破産者が悪意で加えた不法行為に基づく損害賠償請求権

家庭内暴力が原因による離婚など、明らかな悪意があった場合の離婚に伴う慰謝料の請求については自己破産でも免責されません。ただし、単なる浮気が原因で離婚した場合等の慰謝料については「悪意で加えた不法行為」とまでは判断されないため免責となるケースがほとんどです。
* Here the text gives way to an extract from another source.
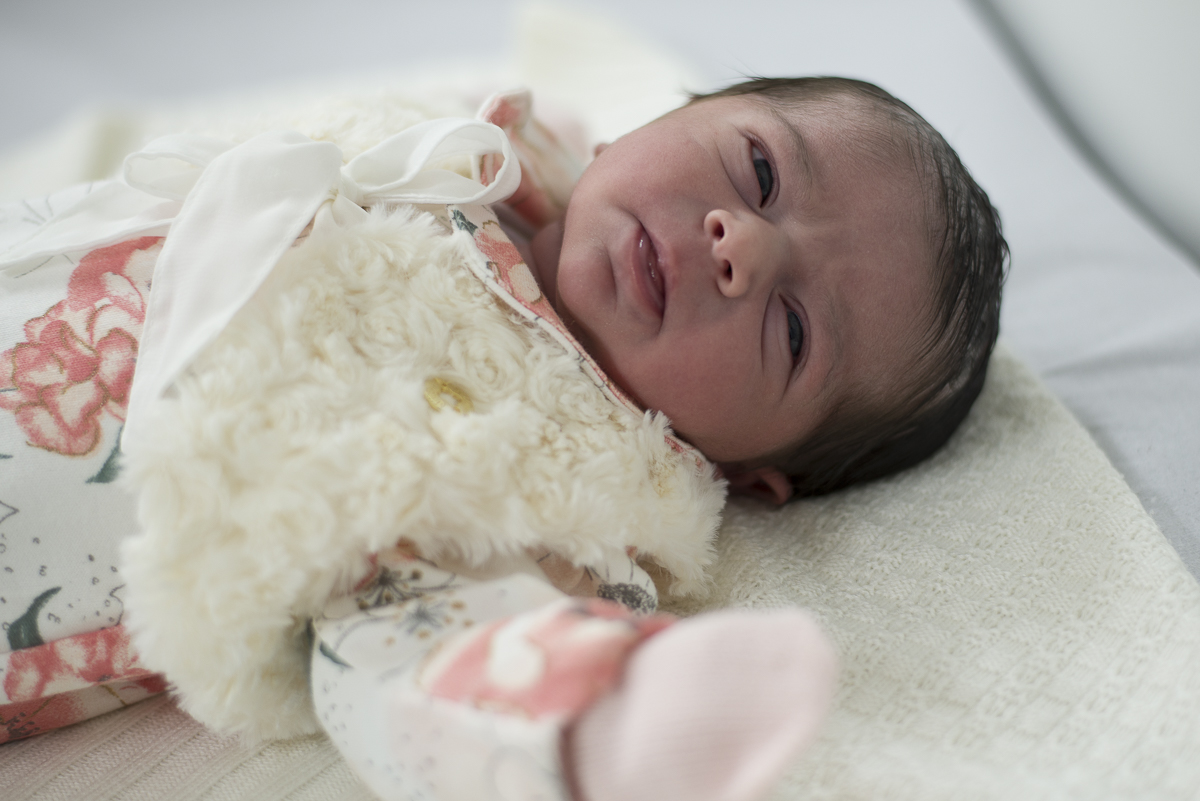 bebe com roupinha bege lili carvalho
破産者が故意又は重大な過失により加えた人の生命又は身体を害する不法行為に基づく損害賠償請求権

暴行事件、あるいは、交通事故でも危険運転致死傷罪のような重大事故における損害賠償請求権の場合は免責されません。

夫婦間の生活費や子供の養育費に関係する費用

浮気が原因で夫が自宅に戻らず、生活費も入れない。また、子供の養育費についても支払わないようなケースに関しても免責されません。ただし、妻が家計を支えているケースもあるため、それぞれの収入や財産によって判断されます。

破産者が故意に債権者名簿に記載しなかった請求権

知人や友人等からの債務で故意に債権者一覧表に記載しなかった債権については免責されません。

罰金等の請求権

刑事罰等による罰金についても免責されません。

免責不許可事由

非免責債権は、裁判所で自己破産による免責が確定した後も免責されない債権のことですが、そもそも株式投資の失敗や、ギャンブル、浪費などが原因の借金については、免責そのものが認められず、すべての借金が残ってしまう場合があります。
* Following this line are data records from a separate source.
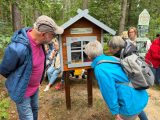 Im Torgelower Gesundheitshäuschen liegen Fitnessbänder und Bewegungsanleitungen bereit. (Foto: Anette Pröber)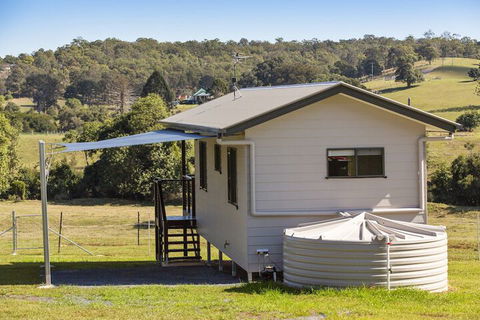 Valley Cabins By The Creek - Foster Accommodation 2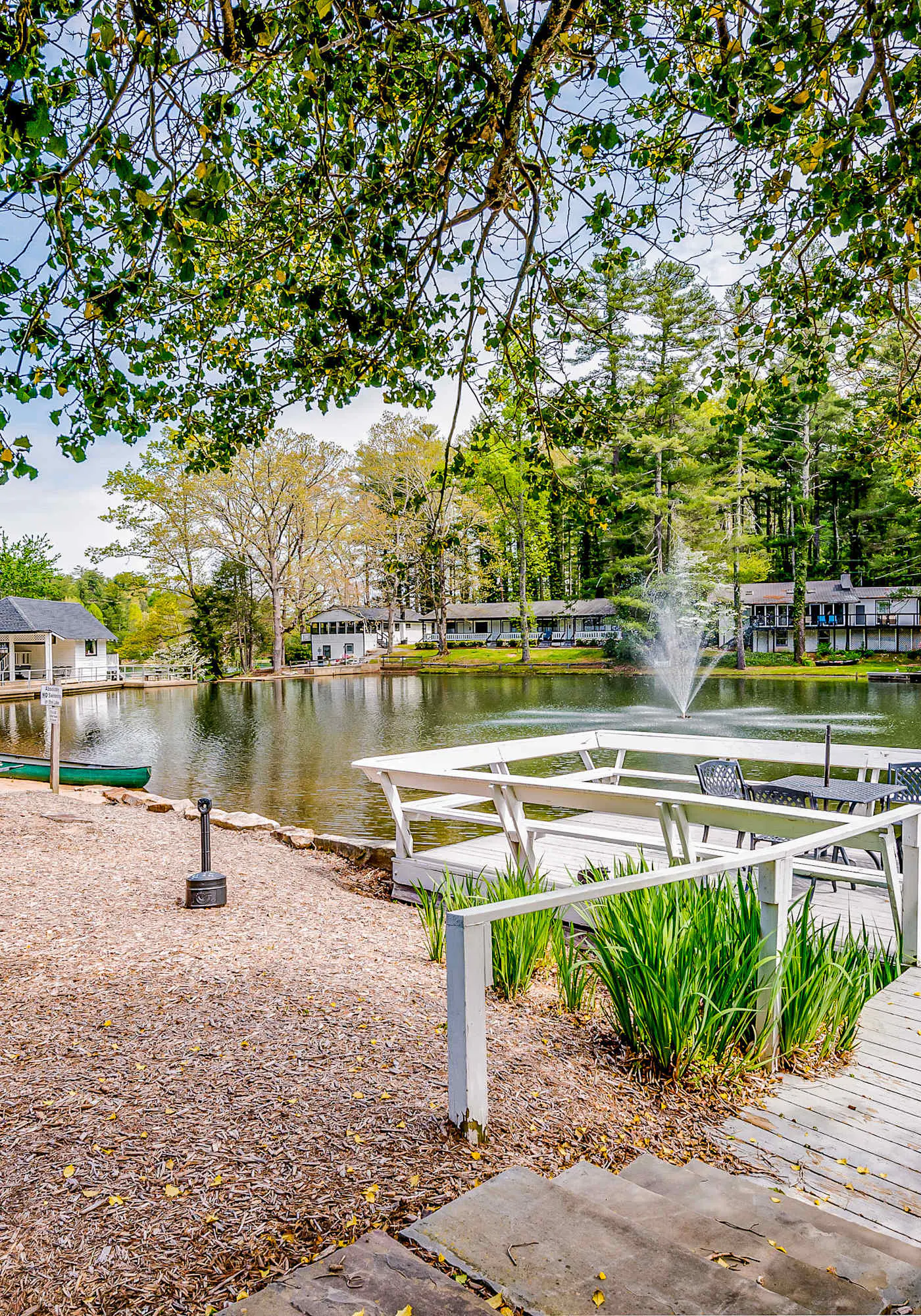 Lakeside condo, dog-friendly, AC, large porch, shared amenities, beach access, pool, tennis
これらの原因を免責不許可事由と呼びます。代表的なものには以下のようなものがあります。

財産の隠ぺい

財産を故意に隠ぺいした場合は、免責不許可となります。財産一覧表に漏れなく記載しましょう。

換金行為

クレジットカードのショッピング枠がある場合、その枠を使って、商品や金券を購入し、現金に換える行為です。
取り立てが厳しくなり、かつ、クレジットカードで大きなショッピング枠がある場合、使いたくなります。
ただし、換金行為を行ってしまうと免責不許可になる場合があります。

自己破産を検討した段階からはクレジットカードの利用をストップしましょう。
デビットカードならば、銀行に預金がある分しか使えませんので、浪費をすることもなく安心です。

偏頗弁済

偏頗弁済とは特定の債権者に偏って債権を返済することを言います。
破産者に20万円以上の現金、または資産がある場合、管財事件となり、破産管財人がその財産を債権額に比例して公平に分配します。偏頗弁済は、この債権者平等の原則に反するため、免責不許可事由とみなされます。
取り立ての厳しい業者に対して、返済したくなりますが、免責不許可事由とみなされる可能性があるため、注意が必要です。

ギャンブルや浪費による財産の減少

株式投資やFX投資の失敗や、ギャンブル、浪費などが原因の借金については、免責そのものが認めらないケースがあります。

詐欺的な借入

借金が返済できる余地がないのにもかかわらず、虚偽の所得証明を提出するなどにより、借入を増やした場合などは免責不許可となる場合があります。